In my solution, I leverage the static transactions present in LFTT. When a transaction is static, we know ahead of time the complete list of operations a transaction wants to perform. What this means is that we can apply a deterministic order of operations for all transactions. Simply put, we can perform operations in sorted order, from low to high index/value. This will make cyclic dependencies impossible, and since transactions are an all-or-nothing matter, it doesn't matter which order we perform operations at the semantic level, as no one will see the intermediate state externally. If we apply this deterministic approach to our previous example, both transactions would try to insert 1 first. One will succeed and try to insert 2. The other will see the conflict on 1 and help the successful transaction insert its 2.
Another lab interested in our work identified a concurrency bug in the original design of LFTT. If a thread, T1, becomes idle just before adding a new node to the list, then a second thread, T2, can help and commit. However, if another transaction removes that node before T1 resumes, T1 could actually succeed in inserting the node again, after its own transaction has already committed. This is an occurrence of the ABA problem. My vector design avoided this issue, as it does not need to deal with node reinsertion.
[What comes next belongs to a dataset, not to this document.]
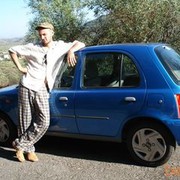 ���������� ������, ���� ������� ����, 49 ���, ������������ ��� ������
A proper fix to the node-based design would add a counter in the unused bits of each node pointer, to help ensure pointer uniqueness.
Ultimately, I've been thinking of LFTT again because of PETRA. PETRA was being designed while I was working on my transactional vector. This means that several of these design enhancements didn't make their way to PETRA in time for its publication. Fortunately, these enhancements have been published, meaning anyone attempting to use PETRA could foreseeably implement these improvements there. I hope this blog post is useful for anyone wanting to avoid the same pitfalls in the future.